WHILE businesses in Slovakia are calling on the government to make doing business in Slovakia easier and less bureaucratic, they see the latest planned change as going in the opposite direction. The Justice Ministry has drafted a revision to the Commercial Code, which when made into the law, will oblige founders of limited liability companies to deposit €5,000 with a bank. At present, companies have only to declare that they have deposited this sum.
With this change the Justice Ministry aims to prevent ‘fictitious’ payments of monetary investments when launching limited liability companies, and claims that the revision does not bring any new burden, but only strengthens the existing obligation. The draft revision has undergone interdepartmental review and, if adopted by parliament, should become effective as of October 1.
“The essence of the change is that it would be necessary to deposit a monetary investment into capital stock when launching a limited liability company at a special account in a bank,” Justice Ministry spokesperson Jana Zlatohlávková told The Slovak Spectator. “The aim of the change to the law is to prevent ‘fictitious’ payment of monetary investment by company members.”
Based on the current legislation the founder of a limited liability company, in Slovak spoločnosť s ručením obmedzeným (s.r.o.), must only declare that he or she has settled the monetary investment, with the minimal sum being set at €5,000. After the adoption of the Justice Ministry’s revision, limited liability company owners will have to submit a document from a bank or an account statement showing that the money was deposited. The money in the account will remain frozen until the company is registered. Afterwards access to the money will be restored for possible spending.
Zlatohlávková added that the revision does not change the base sum of the capital stock, i.e. €5,000, adding that the revision does not bring any new burden, but only strengthens the existing law.
“Such a measure will make speculative launching of companies more difficult,” said Zlatohlávková. The ministry believes that the change will help to ensure that limited liability companies will settle their debts to the state or suppliers. “For those businessmen who want to launch a truly functioning company and properly pay compulsory monetary investments to capital stocks, [this amendment] does not change anything.”
The business community opposes the planned change. Róbert Kičina, executive director of the Business Alliance of Slovakia (PAS), told The Slovak Spectator that the change will increase transaction costs when launching a limited liability company.
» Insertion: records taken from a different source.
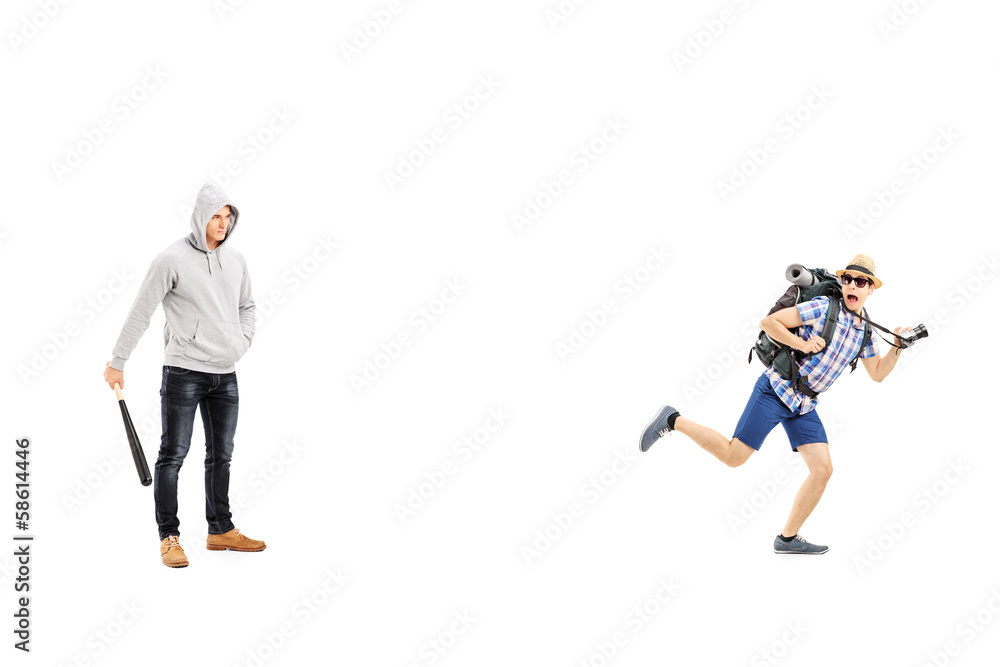 Guy holding a baseball bat and scared tourist trying to run away Guy holding a baseball bat and scared tourist trying to run away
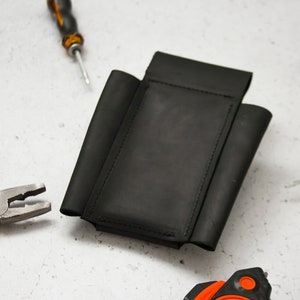 K&ouml;nnte beinhalten: Ein schwarzer Leder-Werkzeugg&uuml;rtel mit mehreren Taschen zum Verstauen von Werkzeugen. Der G&uuml;rtel liegt flach auf einer wei&szlig;en Oberfl&auml;che mit einer Zange, einem Schraubendreher und einem Ma&szlig;band in der N&auml;he.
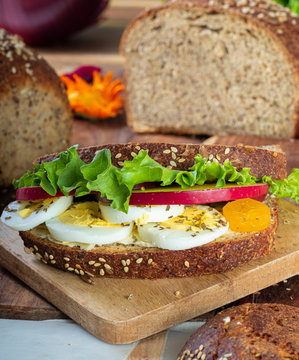 Multi Grain Sandwich With Eggs, Onions, Tomato And Lettuce 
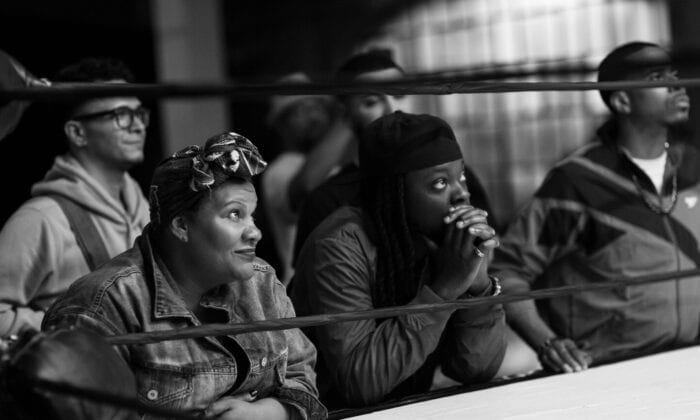 A balck-and-white still from The Forty-Year-Old Version where some of the characters are sitting near the edge of a boxing ring, watching something. 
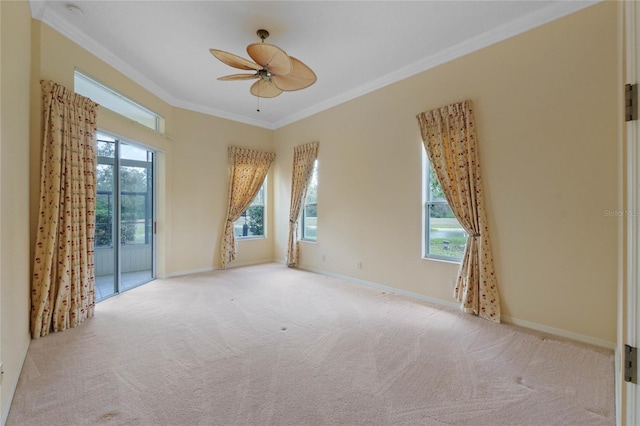 carpeted spare room featuring crown molding and ceiling fan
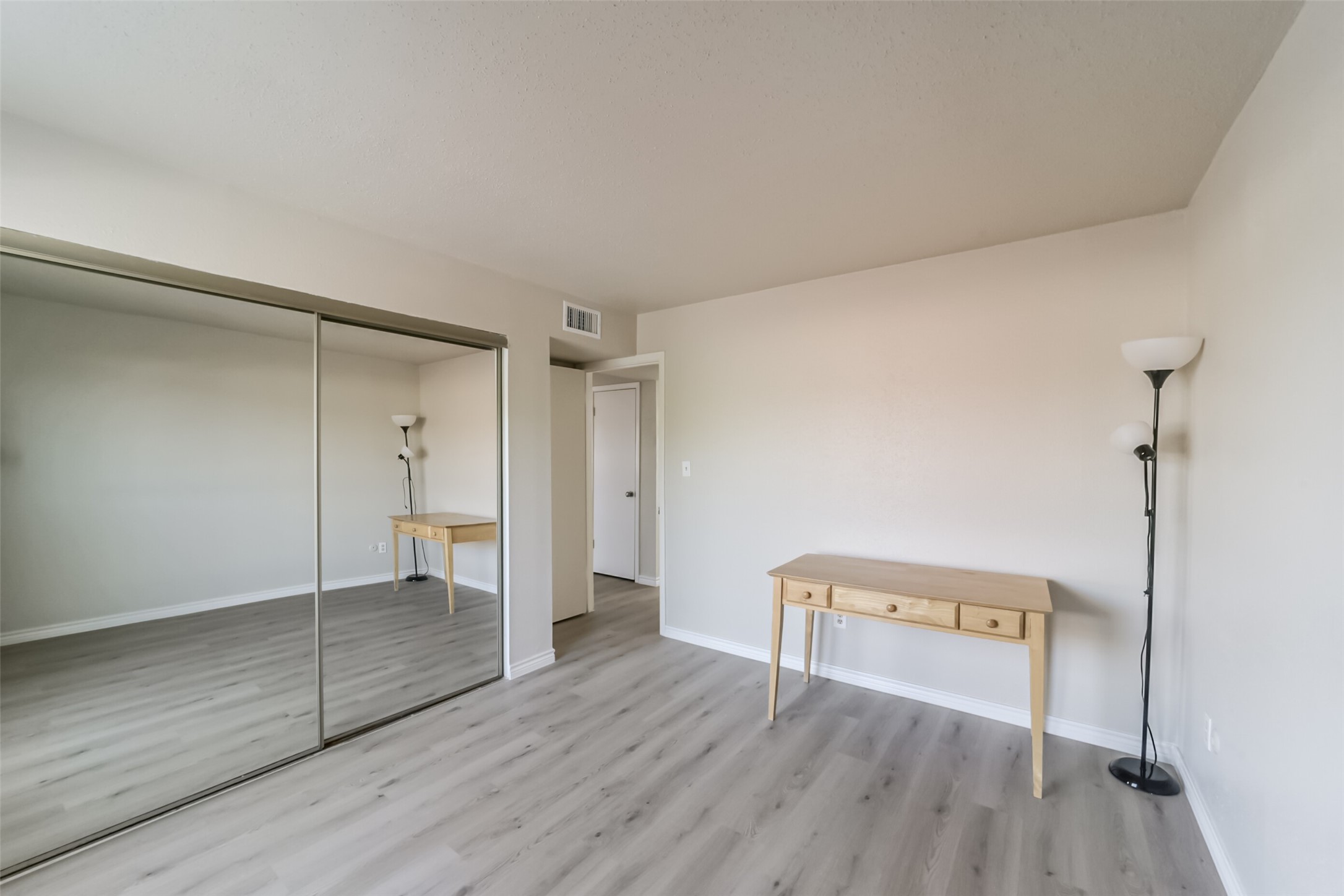 6202 Skyline Drive, Unit 44 Houston, TX 77057 - Photo 23 of 29 a view of a room with wooden floor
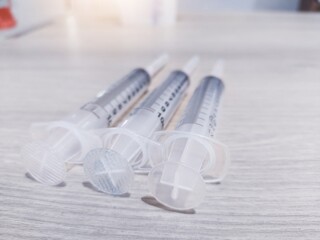 Syringe on a wooden table for medical equipment for vaccine equipment in the laboratory.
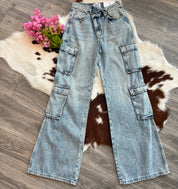 Light blue jeans on a wooden floor with a cowhide rug and pink flowers.
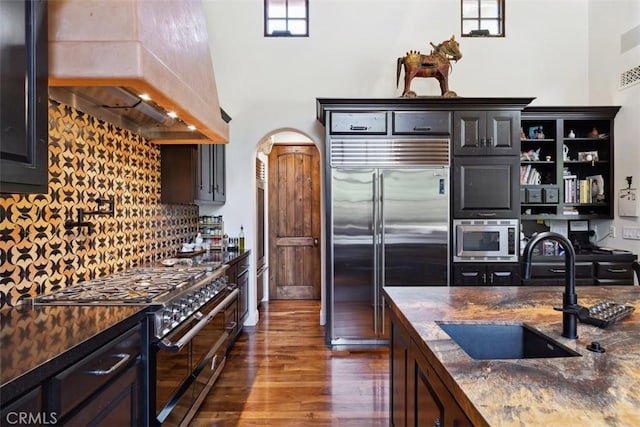 kitchen featuring sink, dark hardwood / wood-style floors, built in appliances, dark stone countertops, and custom exhaust hood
“The impact of the measure on the fight against fraud will be, alas, very small since it will be relatively easy to avoid this measure,” Kičina told The Slovak Spectator. “The solution is rather to tighten sanctions against company executives who violate the law.”
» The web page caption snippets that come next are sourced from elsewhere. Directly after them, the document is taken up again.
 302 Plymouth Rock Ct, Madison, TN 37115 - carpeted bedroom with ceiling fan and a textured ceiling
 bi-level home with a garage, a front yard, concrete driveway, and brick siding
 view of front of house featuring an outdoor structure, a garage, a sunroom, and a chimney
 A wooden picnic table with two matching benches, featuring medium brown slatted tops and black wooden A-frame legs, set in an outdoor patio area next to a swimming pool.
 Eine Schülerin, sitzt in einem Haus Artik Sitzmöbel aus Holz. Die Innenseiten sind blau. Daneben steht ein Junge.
Kičina does not believe that this revision will meet its goal of compelling limited liability companies to pay off their debts. According to him, entrepreneurs may use the deposited money for purchasing assets and, thus, the capital stock would not remain in the company in the form of money. A better solution would be for the company executive to guarantee the company’s obligation with his or her personal assets.
Kičina told the TA3 news channel that the trend should be rather the opposite, i.e. to facilitate entry into doing business. He added for the Sme daily that the government should focus on those who commit fraud and not introduce measures that will hit everybody including decent entrepreneurs. Viola Kromerová, general secretary of Slovenský Živnostenský Zväz (SŽZ), agreed, adding for the Plus Jeden Deň daily that while on one hand the state wants people to be employed, on the other hand it puts a knife to their necks.
Lucia Žitňanská, former justice minister, does not believe that the change will increase the chance of creditors getting their money, arguing that the fact that somebody had €5,000 in the account at the moment when the company was registered does not mean that he or she will have it the following day or month, Sme wrote.
Juraj Karpiš, an analyst with the INESS economic think tank, told the Topky.sk news website that he considers the change to be another useless burden on doing business and launching companies in Slovakia. Ivan Štefanec, an MP for the opposition Slovak Democratic and Christian Union (SDKÚ), shares this opinion, adding that in more developed countries companies are being launched electronically and without any personal contact.
Experts expect that those planning to launch a limited liability company but who lack €5,000 will borrow the necessary money for one or two weeks until the company is registered. They also forecast a wave of launches of so-called ‘ready-made’ companies, i.e. companies launched under the current scheme and to be offered for sale after the new legislation becomes valid, Sme wrote.
According to Zlatohlávková, it is necessary to view the draft revision in the context of other measures planned within the action plan of the fight against tax fraud. Next year there is a plan to submit a change which will create a precondition for two kinds of limited liability companies - with the compulsory stock capital exceeding a certain sum, for example €25,000, and with the stock capital of one euro, but stricter conditions for creating and keeping the stock capital.
“The need of a reform of the institute of the minimal stock capital of a limited liability company should be perceived especially as an element to support small and medium-sized businesses and facilitate the start of doing business,” said Zlatohlávková. “The importance of the reform will rest in reduction of the launching deposits of partners, while greater attention should be paid to stricter and more in-depth definition and application of the obligation of statutory bodies.”